Twenty years of hard work, patience and slaving themselves to provide for their growing family, and building a house was what preoccupied Christopher and Nimfa Arcala of Calape, Bohol half of their lives. 

Prior to a debilitating bout of arthritis and a blurring vision, Christopher, 56, earned a meager income as a construction worker, working odd jobs being a helper to becoming a rough carpenter when times demand for it. Now, suffering from an illness that keeps him from working, he has become another dependent, even as his kids are slowly becoming independent. 

His wife, Nimfa, doubles as a housewife and a neighbourhood errand, doing odd jobs from cleaning yards to laundry.

Ninfa and Christopher spent over 20 years slaving themselves to build this small house where they can live as a family. In one swoop of Typhoon Odette, this house is now reduced to tarpaulin roofs and walls. (PIA Bohol)

What is left of their daily wages, they pooled to buy sacks of cement or tin cans of river sand, a few hollow blocks every now and then and some lumber. Building a house for their kids was what Christopher dreamt of.

"It was hard, slaving yourself in hard work, often leaving the kids at home with their older siblings, if only we can provide for the food and whatever the growing kids need," Naomi shared.

For her husband Christopher, if only there were better options for getting their needs supplied, he would have gone for that. But then he has to do whatever he can, which is not much.

From trees to fallen houses and torn roofs, families scampered for safety and making sure to stay away from flying debris. (PIA Bohol)

The family bore kids, nurtured them through childhood, even as they also witnessed how their house grew from a flimsy quilt of light materials to one with hollow block walls and poured concrete floor. Like a classic Boholano house, the Arcala house, a few square meters fitting a small lot in Brgy. Santa Cruz, grew with yearly mini-renovations.

This year, it may be a wall finishing or a few tin sheets, a hollow block division to separate a room from another or a kitchen expansio -  small changes funded by the little savings the family spares. Then they were slowly able to put up the beginnings of the second floor, block after block, nail after painstaking nail years, and the house slowly took shape. 

This house skeleton withstood the howling and gnashing winds of storm Odette, whicle left a trail of debris. (PIA Bohol)

Until December 2021, when the family became united again for Christmas, that fate dealt the family a rotten card.
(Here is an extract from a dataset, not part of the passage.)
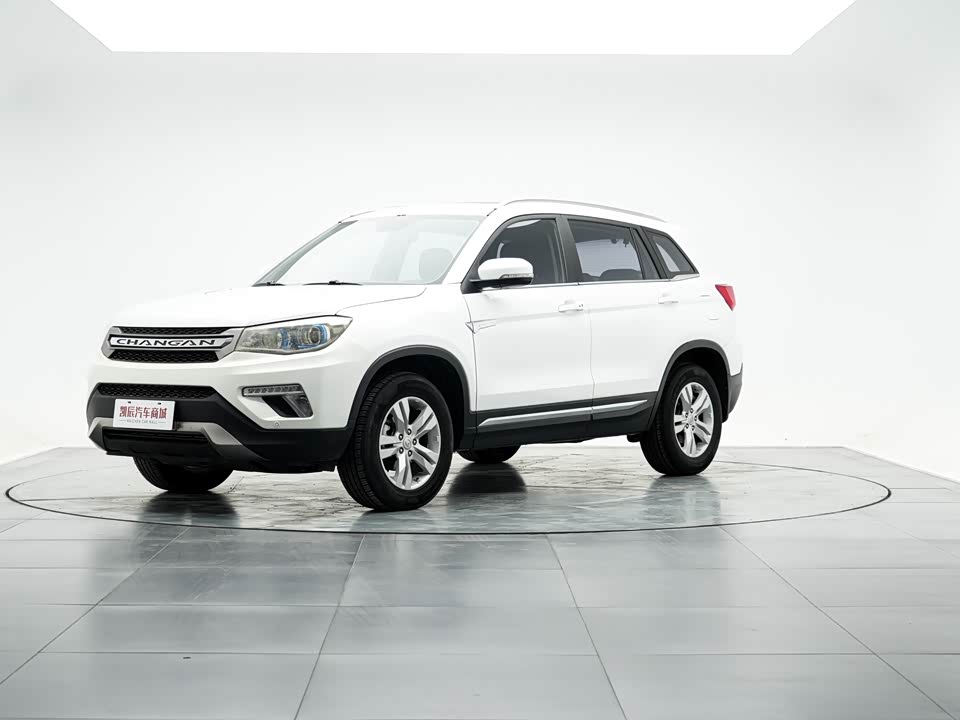 Changan CS75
"My elder sister just had given birth, and everyone was excited. Another sister came home from Manila to celebrate Christmas with us. It was supposed to be a fun week until Odette came to ruin all that," said Lee Christopher, 17, and the family’s youngest child. 

Since then, the Arcalas have stretched a blue insulated sack as a roof to what was their home.
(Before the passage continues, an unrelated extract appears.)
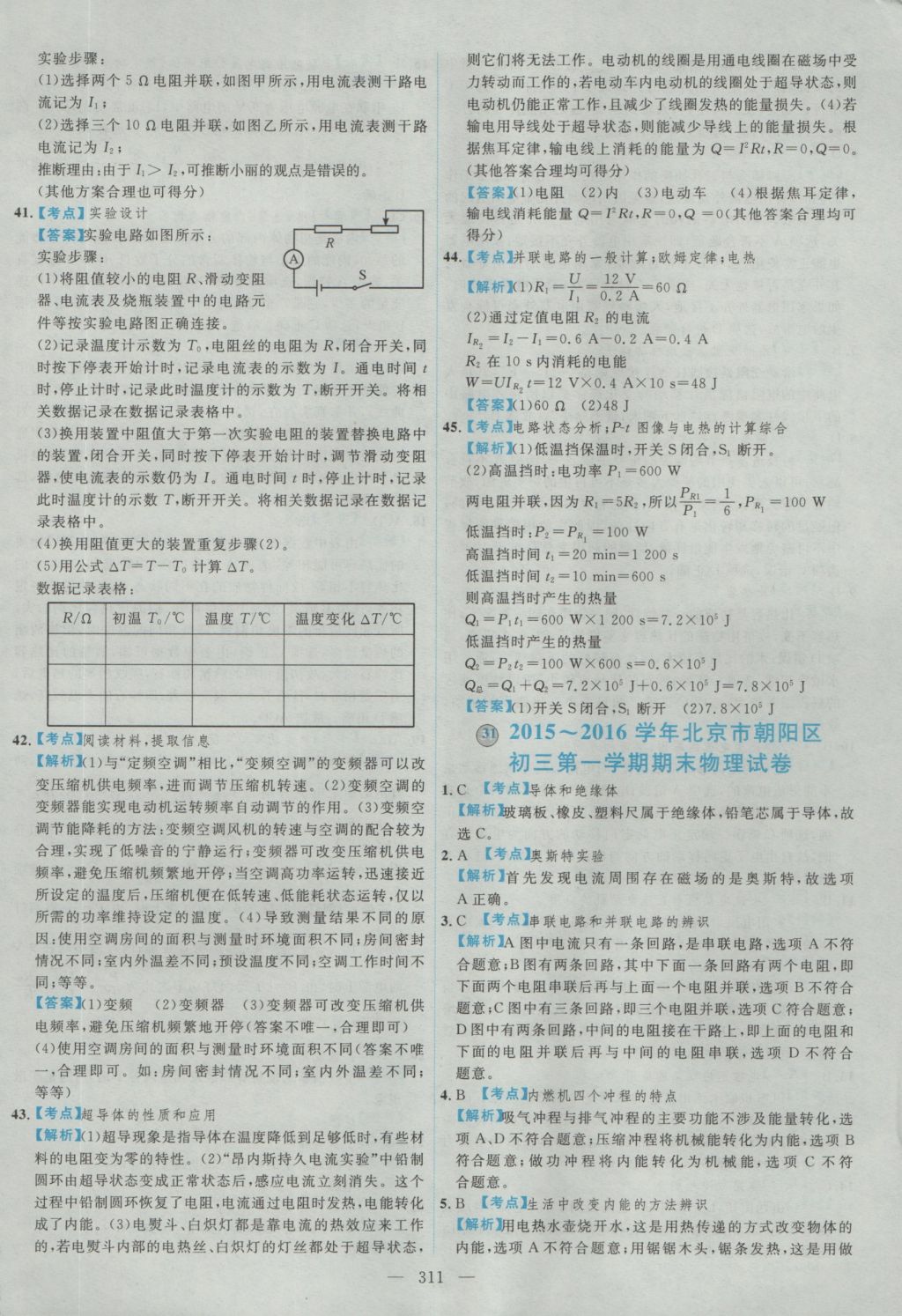 2017年北京市各區(qū)模擬及真題精選中考物理 參考答案第99頁(yè)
Being a high school student has restrained Lee Christopher Arcala from going all out to work and help rebuild his family's house. (PIA Bohol)
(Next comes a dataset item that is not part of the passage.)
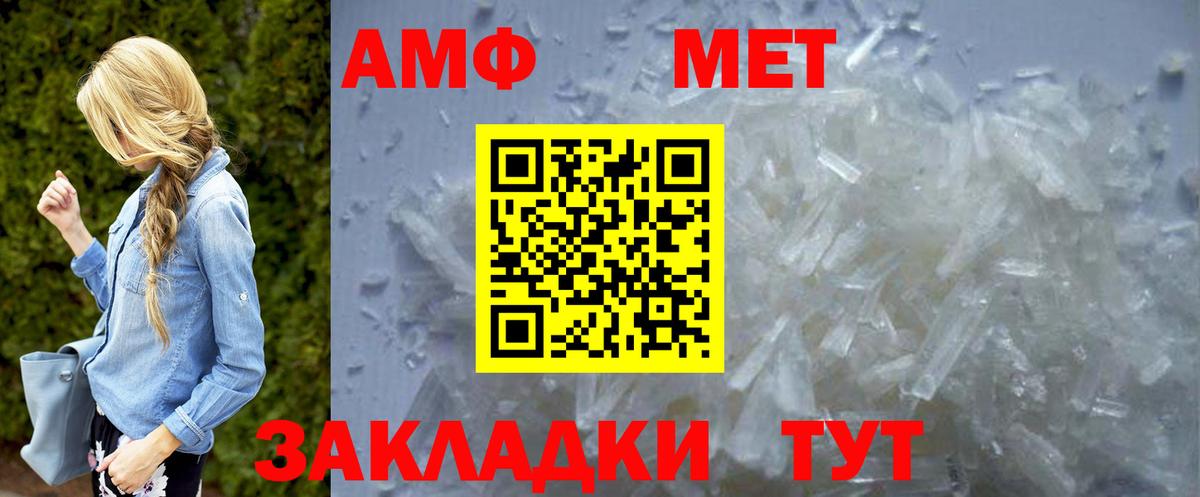 МЕТАМФЕТАМИН мет  Вход с VPN  Заводоуковск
"That day, the local officials told us to go seek safe shelter. We went to a neigbor’s house to wait for the storm to pass. It was a sturdy house and we were with other families there," Nimfa said. 

The said house was a few meters from their house, and at 10:00 PM, she saw that their house has lost its roof. By midnight, the whole second floor was blown off, the hollow block walls only hinting the presence of a house there.

The Arcalas were among the nearly 900 families who would totally lose their houses that night.

Typhoon Odette destroyed private houses, with the damage reaching over P10 billion, according to international shelter organizations. (PIA Bohol)

According to the Provincial Disaster and Risk Reduction Management Council, some 7,559 houses in Calape alone were also partially damaged that night. "What my parents saved for 20 years, was gone in three hours," Lee Christopher said. 

Now, the kitchen is what has become the family’s living, dining, and bedroom in one, with the family stepping off a dripping tarpaulin when the rains would come. Losing their house and the savings their parents invested in the last two decades, Lee Christopher, now a junior high school student in town, wished he could help.

Families, in search of privacy, string blankets to make makeshift bedrooms, some of them without roofs. (PIA Bohol)

As with other families, the Arcalas received financial assistance from the government. However, this is barely enough to provide for their food now that the typhoon has also affected their parent’s livelihood. "I wish I could help, but then, how can I, a student still struggling to get through online class?" he asked. 

In Bohol, over 200,000 houses have suffered the same fate as the Arcalas' house. According to the National Housing Authority, they have released P55 million in assistance to families that lost their homes during the storm. The sum was based on the reports submitted by the local government units, who validated the number of houses which were either totally or partially damaged by the typhoon.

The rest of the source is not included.